Result was as I originally stated, oil blowing out of the rear seal. I talked to some mechanics that were friends of the family (Wayne Calvert, builds racing engines in Denton, TX and his brother that has a shop next to his that does shade tree work). It was suggested that I use, from what I recall, some type of rope style seal to prevent it. I never go that far ... I wrecked it and never worked on it again.
On 14 Dec 2006 08:15:30 -0800, "Craig C."
Didn't mean to step on any toes but, I have seen to many of them built with the HV pump to help the oil system with reasonable success. The original rope type seal was a POS and was eventually replaced by a 2 piece metal seal with a lip to better control the oil. This is probably what was mentioned to you as a fix way back then. Another trick as another poster indicated and, is frequently used to help the rear main in them is to tee off the oil pressure sending unit port beside the filter and install a feed hose to the oil pressure port on the top rear of the block. The port from here goes straight to the #5 main. That way the engine gets oil from both ends. The HV - not HP - pump can greatly reduce the pressurization time this way and help prevent oil starvation of the rear main and cam bearings which was/is a problem on the 335 series engines. And again, it is not pressure you are looking for - it is greater volume to more quickly fill the system. Another part of the equation for a street engine is to use a 10W30 oil here in the SE which is plenty adequate instead of the factory recommended 10W40 of the 70's. In cold climates, an even lighter oil would be better. Current 10w30 oil is far superior to any 1970's 10w40 oil for lubrication and will flow much more quickly which is at least as important as the pressure. We tried the increased pressure and a few other items from the school of hard knocks text book on the dirt track cars in the 70's and scrapped a few engine before we started to sort out the 335 series oiling problems. If you boost the pressure, you may be shooting yourself in the foot.
You didn't ... not mine anyway.
Again ... this was a very long time ago, but the rope sel was the recommendation to fix the problem. If I remember correctly the original seal was rubber.
It only blew oil out the rear seal when I started the car. Once it got o to idle, no problems.
I remember that I did run 10W30 to try and stop the blow out issue. No luck.
No matter now ... that car and engine have been recycled and pieces of it are spread out in newer cars. :-)
On 14 Dec 2006 13:57:17 -0800, "Craig C."
One of these days, I will have the time and finances to complete restoring my 'Torino again. I have the powertrain built. Now, it is the slow hard work of body and chassis. A few hundred years from now, none of this will mean anything to either of us.
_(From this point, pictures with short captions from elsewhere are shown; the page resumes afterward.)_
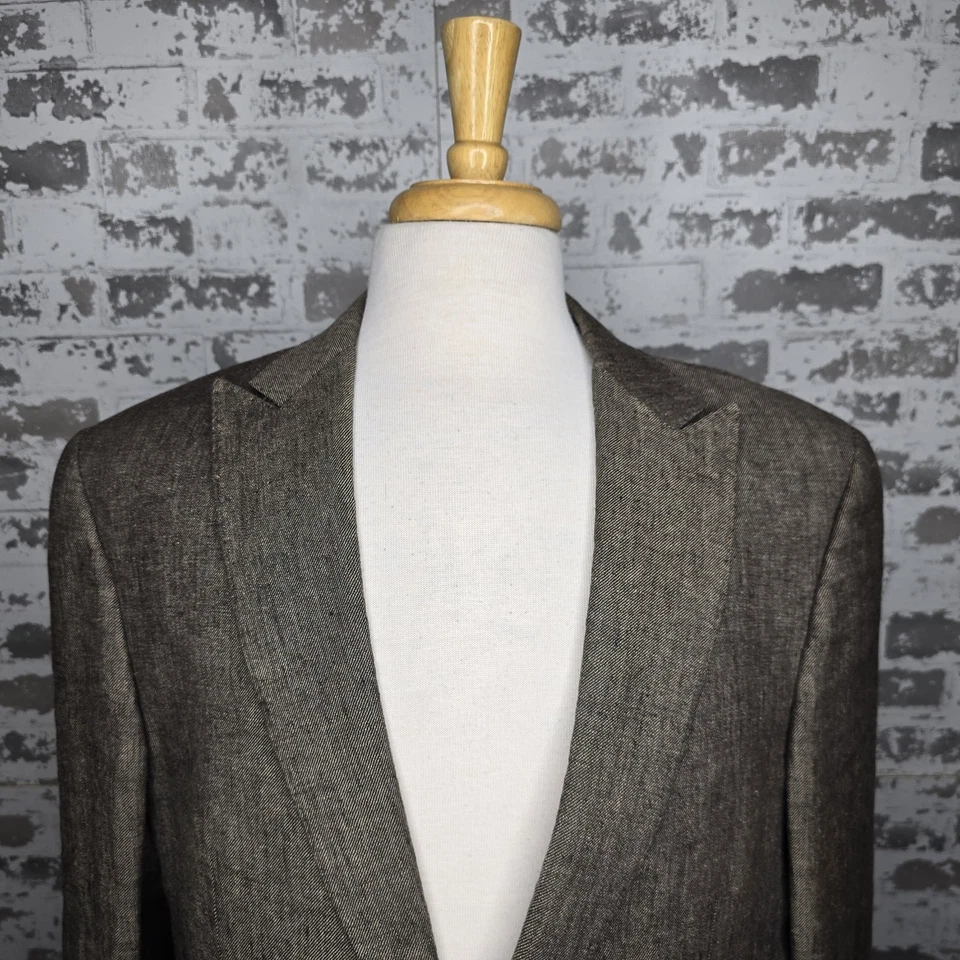 John Varvatos 100% Linen Brown Peak Lapel Dual Vent 2 Button Blazer 42 Long Slim - Изображение 2 из 4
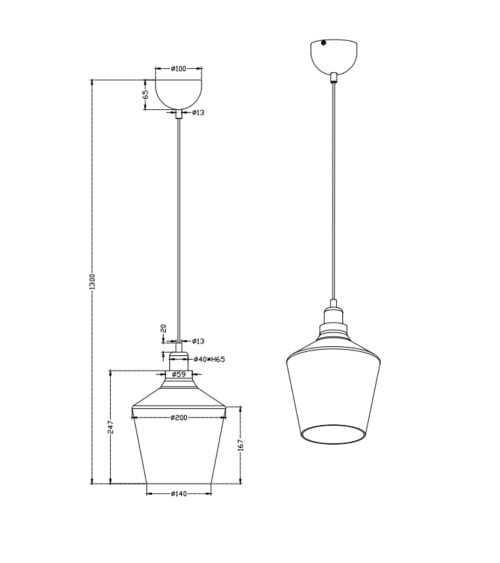 Lámpara Colgante Calais E27 60 W de Cristal Ahumado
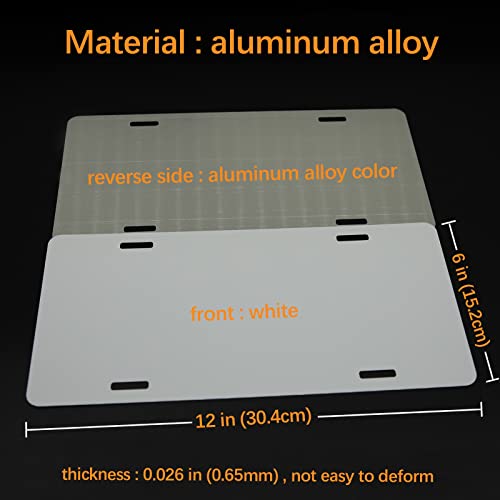 ORJ 50 PCS Sublimation License Plate Blanks 6"X12" x 0.65mm,White Metal Aluminum Automotive Front License Plate Tag - Image 2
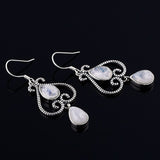 Moonstone Cabochon Earrings silver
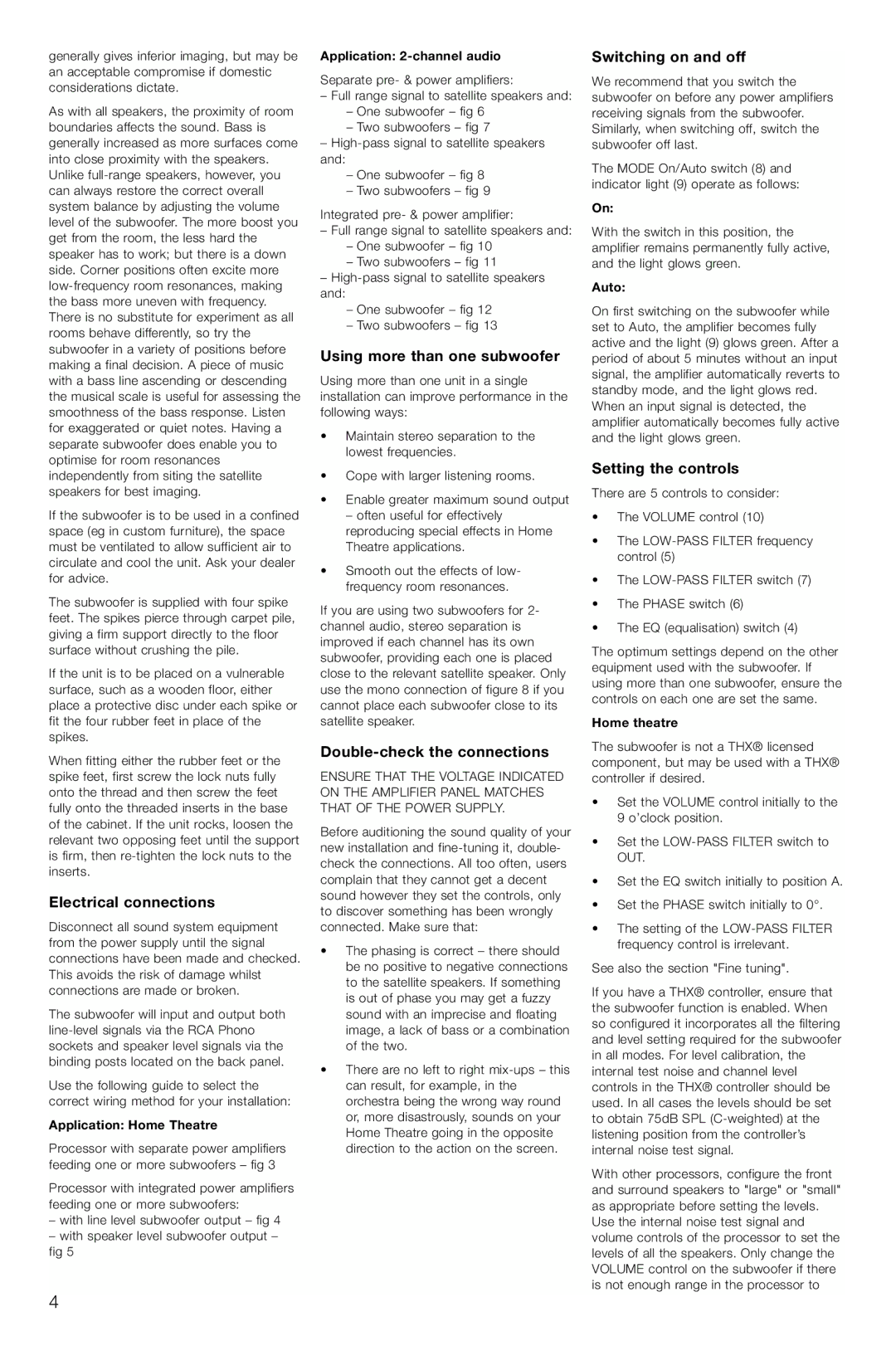 Bowers & Wilkins ASW600 owner manual Electrical connections, Using more than one subwoofer, Double-check the connections 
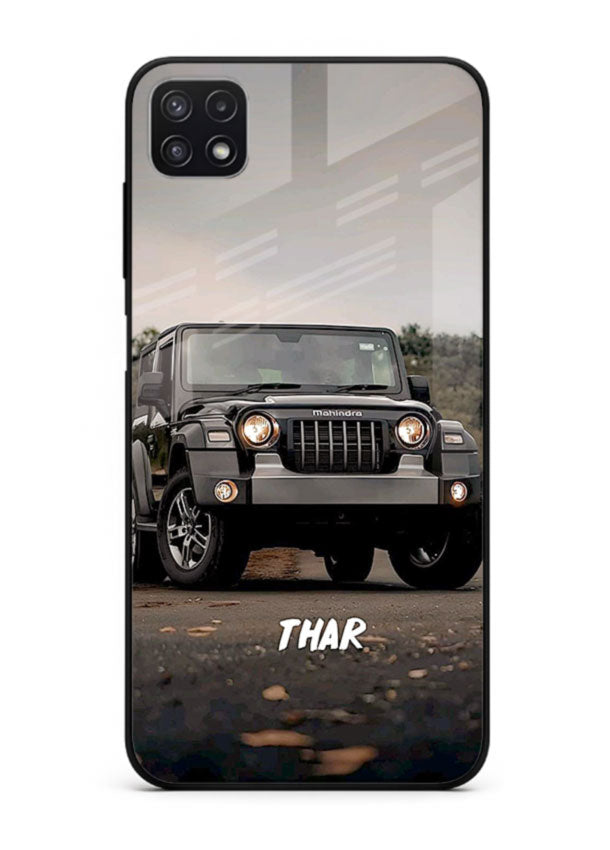 Mahindra Thar SUV in outdoor terrain with rugged off-road styling for Samsung F42 5G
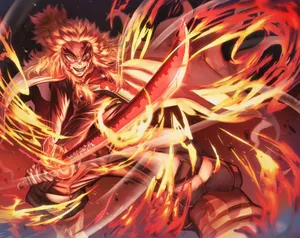Caption: Rengoku Sword In Action During A Thrilling Battle Scene. Wallpaper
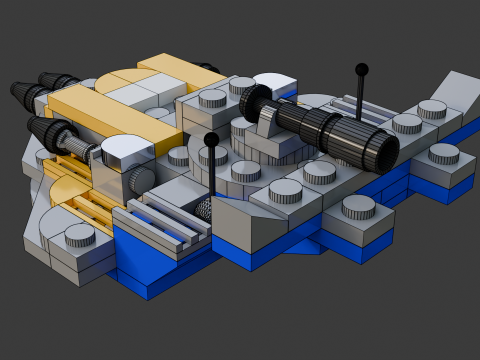 Model 8 - Jachtvliegtuig bestaande uit 89 afzonderlijke s 3D Model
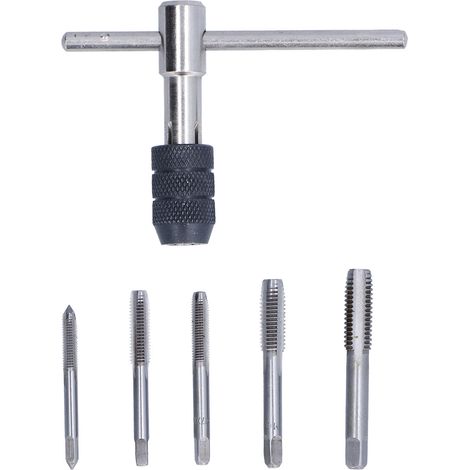 Tap Wrench Bearing Steel Straight Flute Tap High Strength Smooth No Burr Tap Handle Set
You have a Merry Christmas
How many miles are on the engine? Over 70,000? Then it sounds like the stock pump works fine. My son has a 318 (essentially same engine as yours) in a 79 Dodge with over 400K miles on it and it's been torn down once at 290K miles. I checked the wear in the pump, it was 0.001" under maximum wear so I popped in a NAPA rebuilt pump. With 10W-40 oil and a warmed up engine, he has 60+ psi at 2500 rpm and 15 psi at idle, 725 rpm. YMMV
Do you intend to race it? Then you might need a bigger pump, if not the stock is fine.
The oil pick up isn't that restrictive, Chevy used a worse design for years. Just make sure it's within a 1/4" of the pan bottom when it goes back together. Also, get a priming tool and prime the engine before restart.